» **Problem statement**
Exact copies of all the lines below are needed, without the pictures.

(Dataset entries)

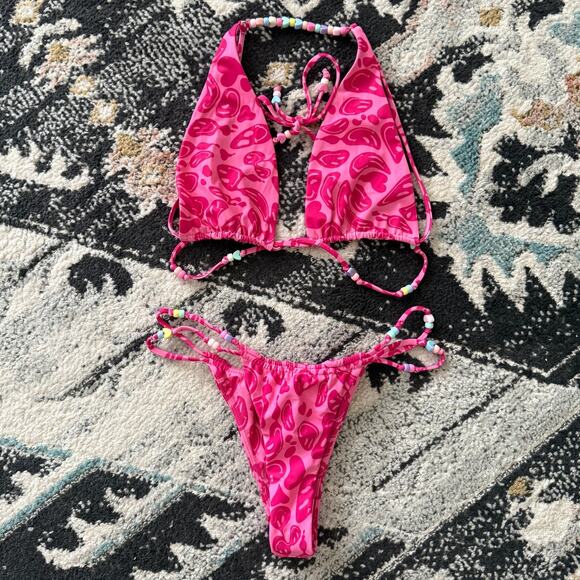 Lovers and Friends Wild Side Bikini in Fuchsia Pink Smiles - Picture 3 of 8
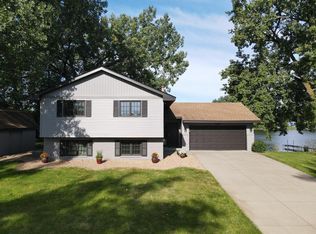 7169 Birchview Rd N, Maple Grove, MN 55369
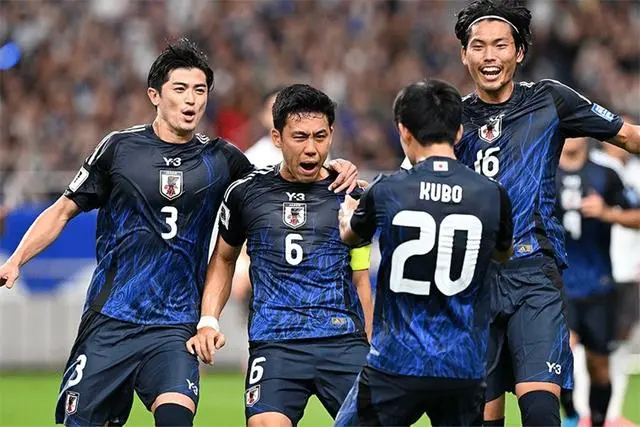 不成钢, 男足时, 队也曾面临 不成钢, 男足时, 队也曾面临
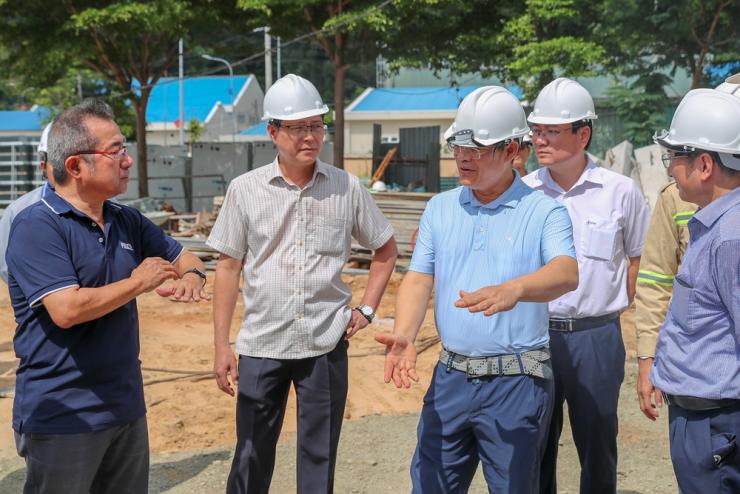 PHÓ TỔNG GIÁM ĐỐC EVN NGUYỄN TÀI ANH KIỂM TRA CÔNG TRÌNH CẤP ĐIỆN CHO CÔN ĐẢO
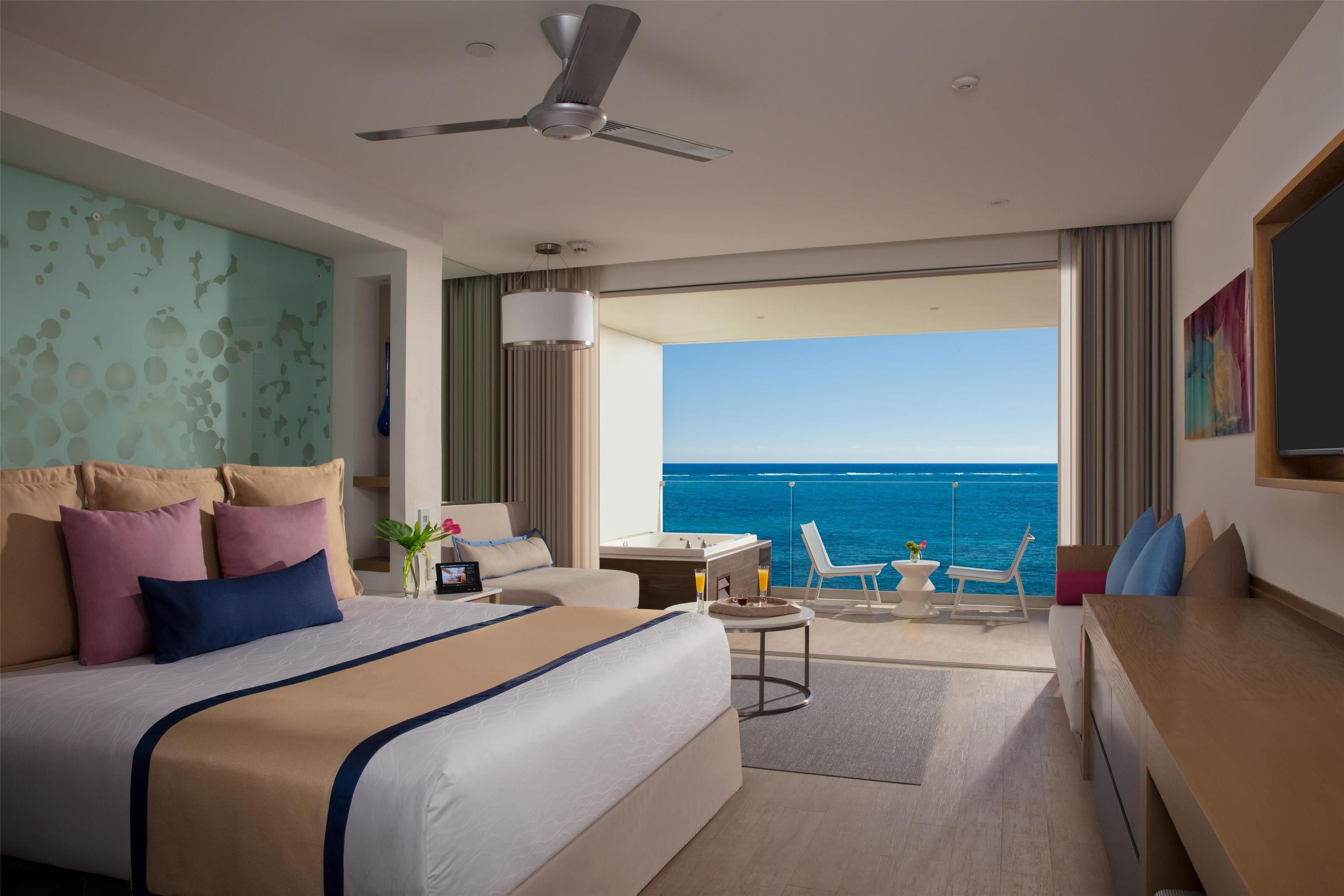 Secrets Riviera Cancun Resort And Spa - Puerto Morelos - Bedroom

» **Answer for this exercise**
 Lovers and Friends Wild Side Bikini in Fuchsia Pink Smiles - Picture 3 of 8
 7169 Birchview Rd N, Maple Grove, MN 55369
 不成钢, 男足时, 队也曾面临 不成钢, 男足时, 队也曾面临
 PHÓ TỔNG GIÁM ĐỐC EVN NGUYỄN TÀI ANH KIỂM TRA CÔNG TRÌNH CẤP ĐIỆN CHO CÔN ĐẢO
 Secrets Riviera Cancun Resort And Spa - Puerto Morelos - Bedroom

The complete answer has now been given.